New Esports Regulations & Measurements For 2018
Posted 14th May 2018 By: Derpina    268 Views
Esports News – The very first esports event happened all the way back in October 1972 at Stanford University in the United States. Several years after that, before the entry of 21st century, the esports industry experienced a breakthrough moment with the launch of League of Legends, Dota 2, Overwatch, and CS:GO tournaments. The term “esports” was finally coined and competitive gaming became a hobby, business, and culture.
However, when popularity, fame, and money entered the esports phenomenon, illegal and unethical practices emerged. Some people have found ways to exhibit corruption, match-fixing, bribery, doping, and many more. To address these problems, esports organizations deemed it necessary for tournaments to follow these 4 new esports regulations:
Monitoring of match-fixing
Match-fixing occurs when a certain match is played to a completely or partially pre-determined result. This violates the laws and rules of the tournaments, even the principles of the players. As a tournament played between two teams with multiple players, esports is very familiar with this illegal act. There were scandals involving Counter-Strike Global Offensive (CS:GO) players and Starcraft players who revealed the ugly truth of Match-fixing.
This year, the Esports Integrity Coalition (ESIC), will uphold its Anti-Corruption Code and attempt to monitor CS:GO, Dota 2, LoL, and Starcraft Match-fixing. Together with sportsbooks and gambling control boards, they will investigate potential illegal activities involved in high-volume bets being placed every match.
Random drug testing
Doping has nearly destroyed the value of traditional sports. Banned athletic performance-enhancing drugs are the bane of basketball, martial arts, football, and many more. But since esports roared in popularity, some have succeeded in introducing doping to competitive gaming to improve the player’s focus, senses, and reflexes. To prevent anything detrimental from happening, ESIC and Electronic Sports League (ESL) will now conduct random drug-testing before the events to sustain the Anti-Doping Policy.

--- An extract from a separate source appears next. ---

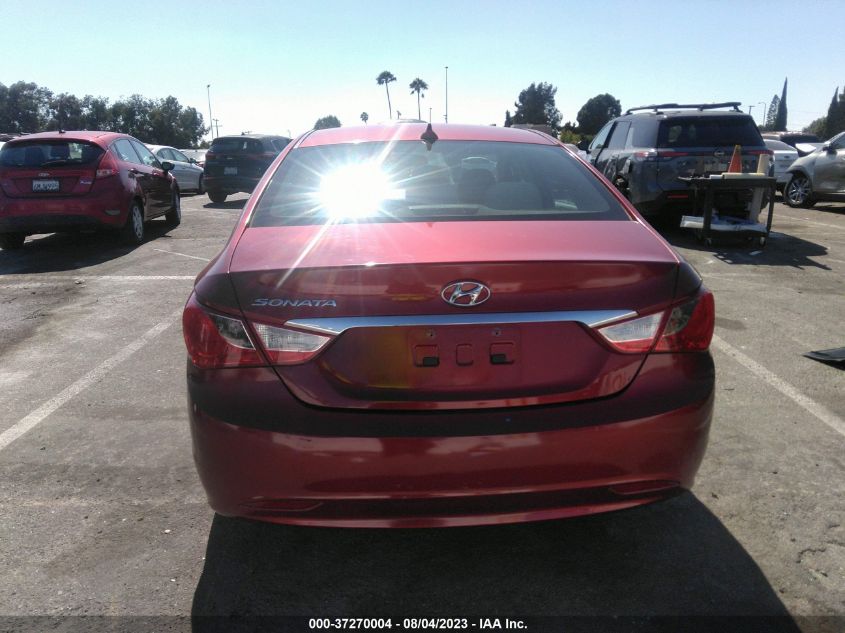 2013 HYUNDAI SONATA GLS PZEV - 5NPEB4AC0DH543616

All esports tournaments require the players’ personal information. Lack or illegal changes in this information can put fire in the young players’ potential to be exploited. Privacy issues and other illegal activities within each team can create massive scandals and controversies that will damage the integrity of competitive gaming. As an answer, esports organizations and control boards will attempt to enhance the privacy and ownership rights of each player.
Specialized eposrts regulatory bodies
Aside from the continuous efforts of ESIC, there are no other governing bodies managing the umbrella for all esports tournaments. A single governing body seems impossible to establish due to the number of esports games and competitions held every year. To address this, lawyers and critics suggest that each game should at least try to establish individual regulatory bodies to regulate the players and the tournaments.